Supplied entries:
※
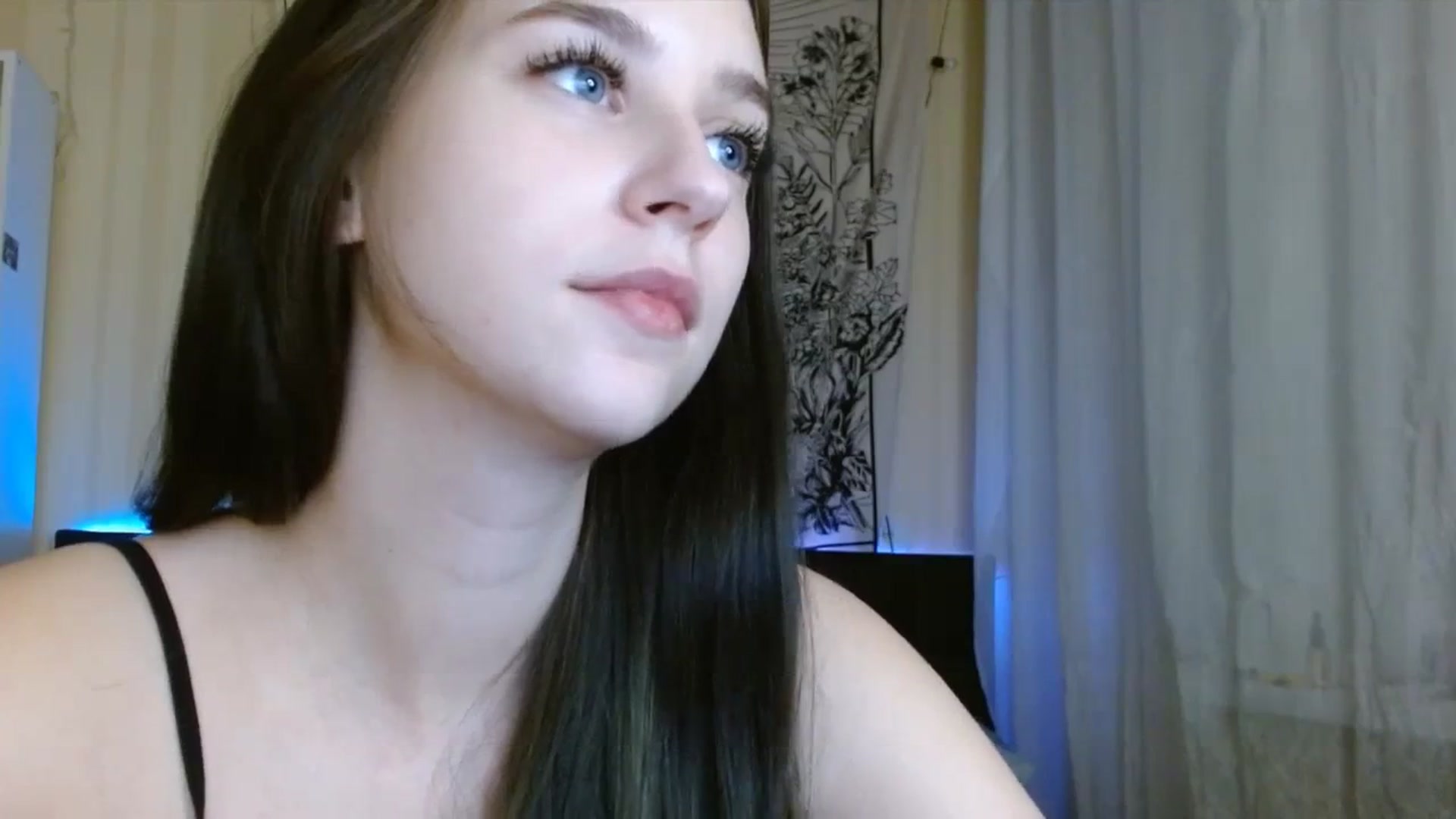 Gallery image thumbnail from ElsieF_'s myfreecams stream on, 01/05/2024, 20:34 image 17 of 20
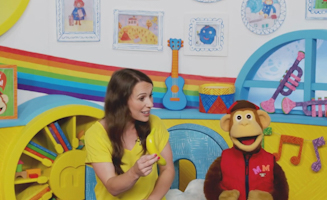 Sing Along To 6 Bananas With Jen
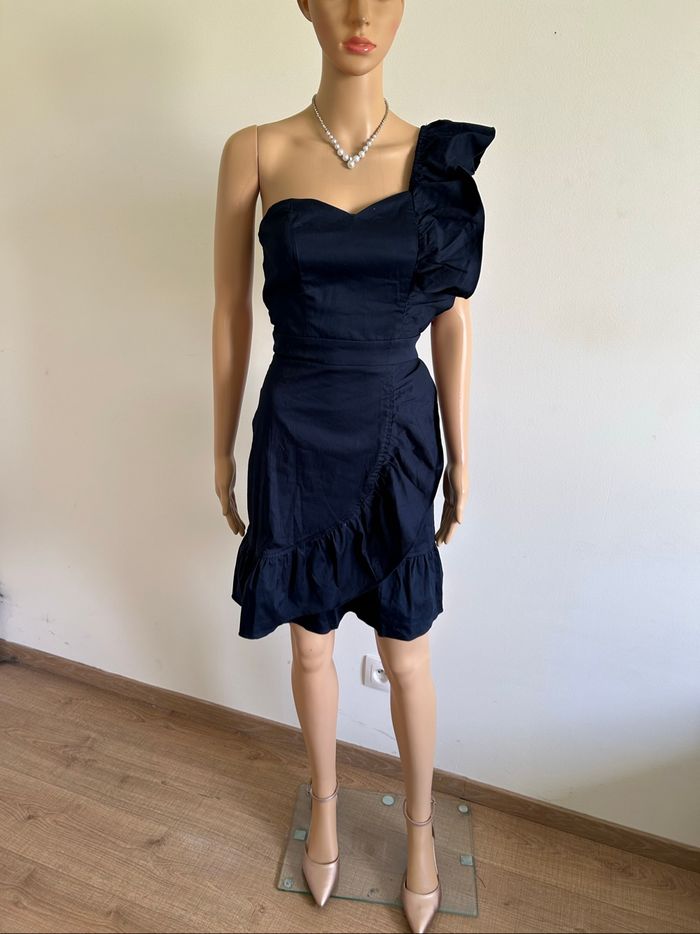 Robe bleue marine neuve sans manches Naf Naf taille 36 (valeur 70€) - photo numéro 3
※
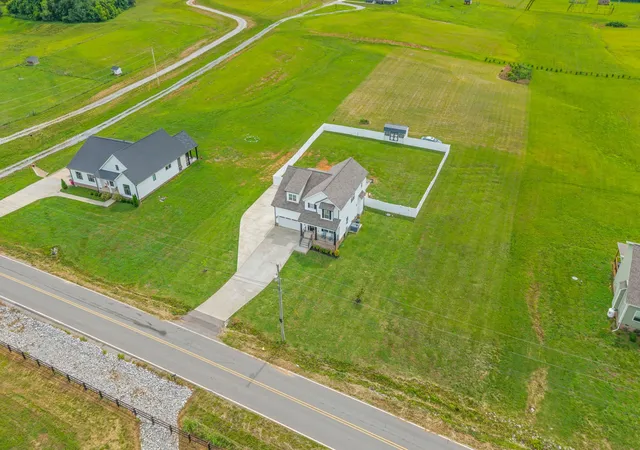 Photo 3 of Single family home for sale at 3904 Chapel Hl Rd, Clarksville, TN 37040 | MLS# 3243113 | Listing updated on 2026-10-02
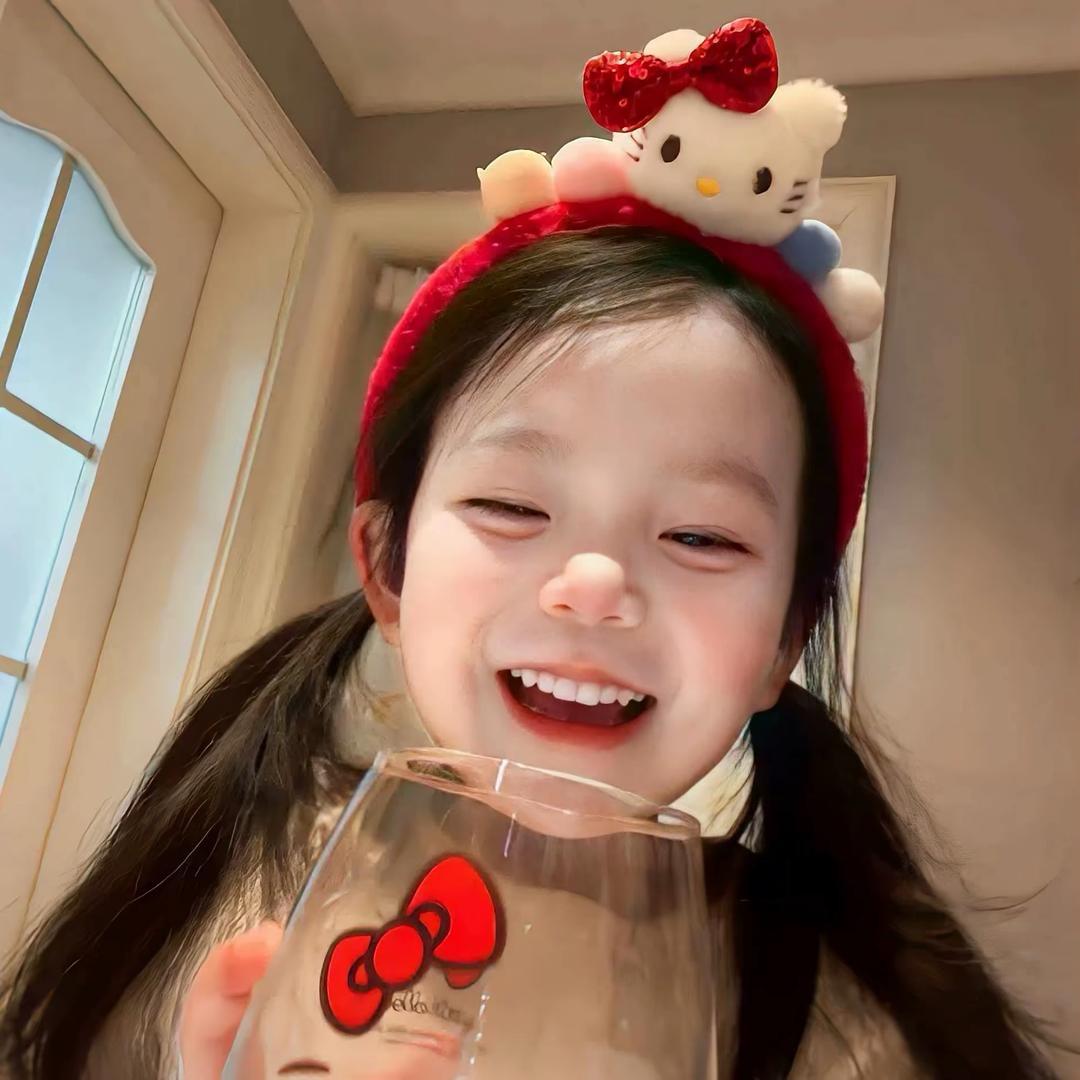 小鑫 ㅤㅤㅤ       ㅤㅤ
※
How to complete this task: In the data above, find the line containing "Photo 3 of Single" and the line containing "小鑫 ㅤㅤㅤ       ㅤㅤ". Repeat those two lines and everything between them exactly, minus the pictures.

Written reply:
 Photo 3 of Single family home for sale at 3904 Chapel Hl Rd, Clarksville, TN 37040 | MLS# 3243113 | Listing updated on 2026-10-02
 小鑫 ㅤㅤㅤ       ㅤㅤ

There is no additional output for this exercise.